As the sixth full-length The Crystal Method album and Kirkland’s first as a newfound
solo act, The Trip Home serves as the creative rebirth of the brand. An artistic manifesto and love letter to the electronic world, The Trip Home welcomes Kirkland at the driver’s seat with full control of the reins.
For the new album, which he co-produced with Glen Nicholls, Kirkland dove deep into the decades-spanning discography of The Crystal Method. The result is a sound that revisits the roots of the classic Crystal Method aesthetic, while pushing its possibilities into the future. Equal parts throwback and dynamic futurism, The Trip Home expands Kirkland’s unrestrained curiosity into new realms and new sounds.
To perfect this fine balance, Kirkland took a back-to-basics approach, which saw him
firing up his arsenal of analog synths and reconnecting with his collection of vintage
gear.
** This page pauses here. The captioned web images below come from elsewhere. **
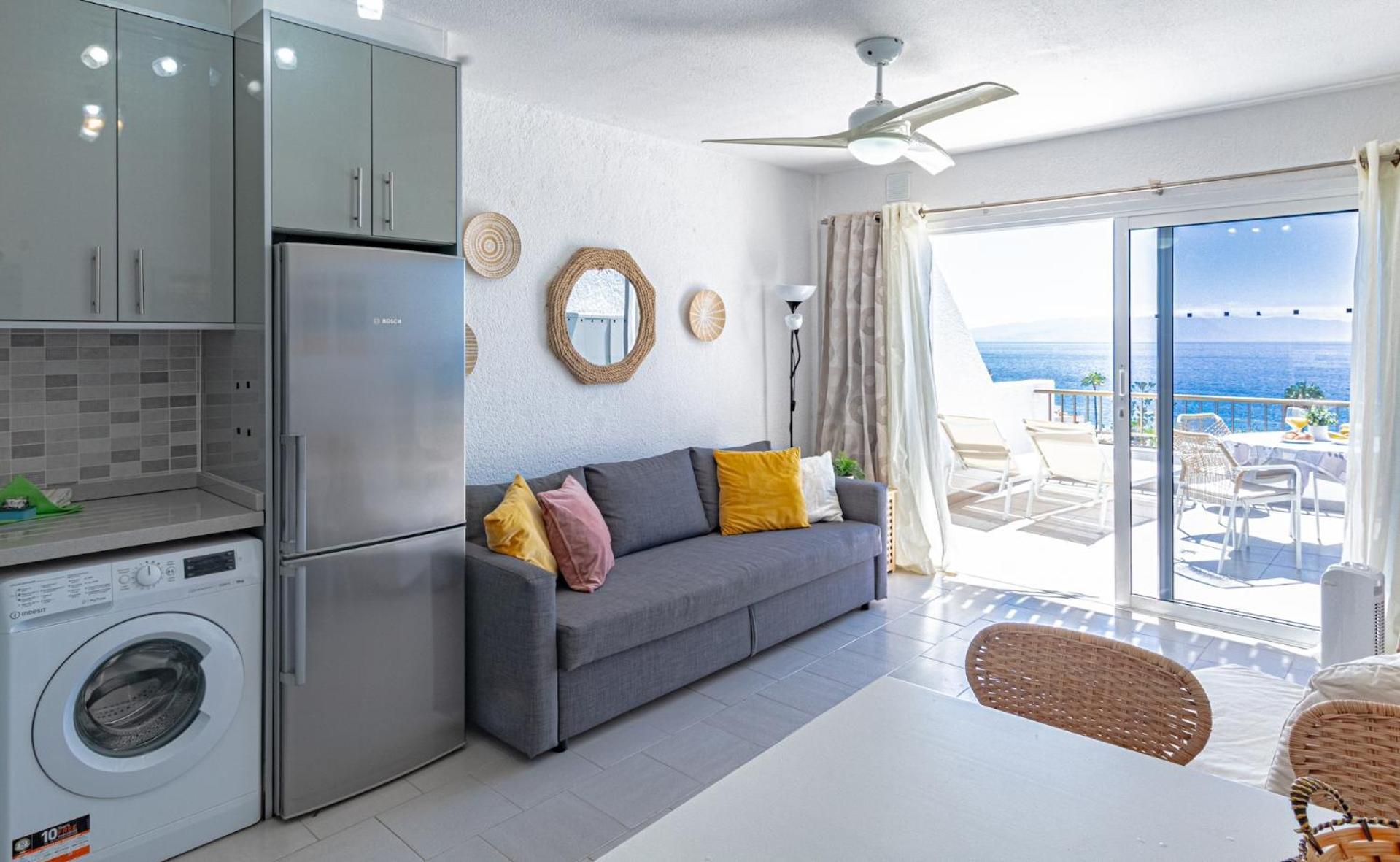Panoramic View Tamara By Dream Homes Tenerife * Acantilado de los Gigantes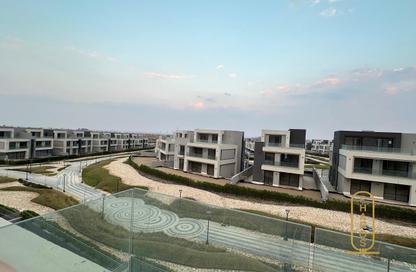 Townhouse - 5 Bedrooms - 4 Bathrooms for sale in La Vista City - New Capital Compounds - New Capital City - Cairo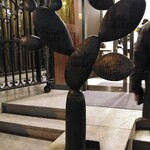 山の上ホテル - ヒル・トップ側の看板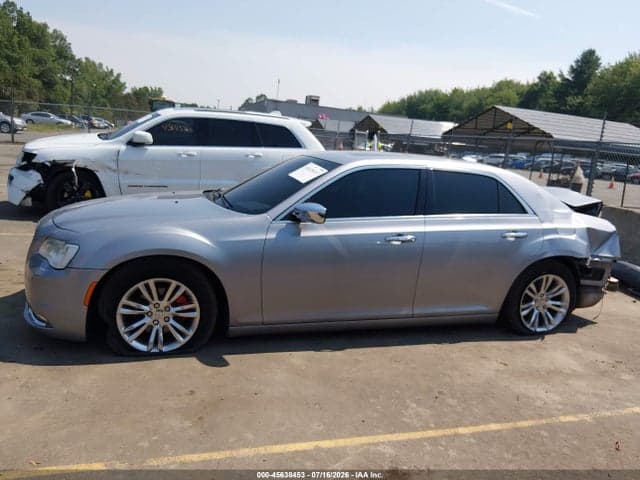 2017 CHRYSLER 300C 15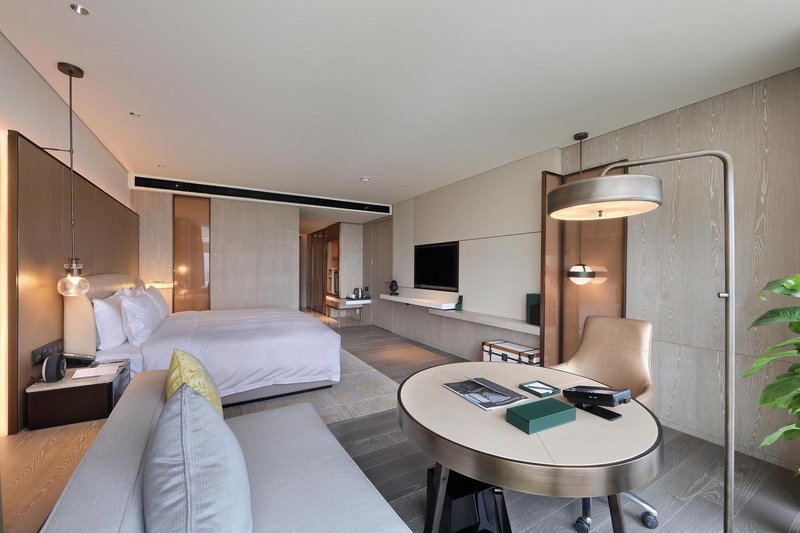 InterContinental Tianjin Yujiapu Hotel & Residences Room Type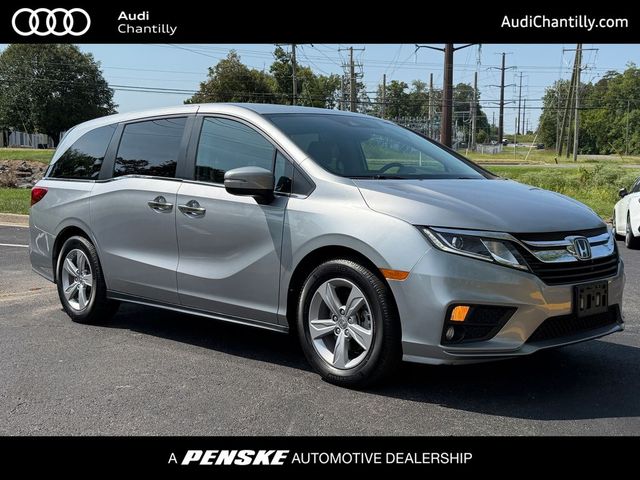 2019 Honda Odyssey EX-L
The lead single “Holy Arp” captures this calculated formula perfectly: A brooding
intro of darkly tinged bleeps and bloops slowly builds the song’s tension before it pours
into a bed of chunky synths, distorted reverb and alien sounds.
It was “Holy Arp” that gave Kirkland the first flashes of the cohesive sound that would shape The Trip Home.
“As soon as I got that track going, I knew I had found the direction for the new album,” Kirkland says. “It reverberates with the sound of Crystal Method classics like ‘Name of the Game’ and has some of the gnarliness of ‘Vapor Trail.’ It’s an angry, ballsy, bombastic trip down the inner workings of the vintage ARP 2600 synth.”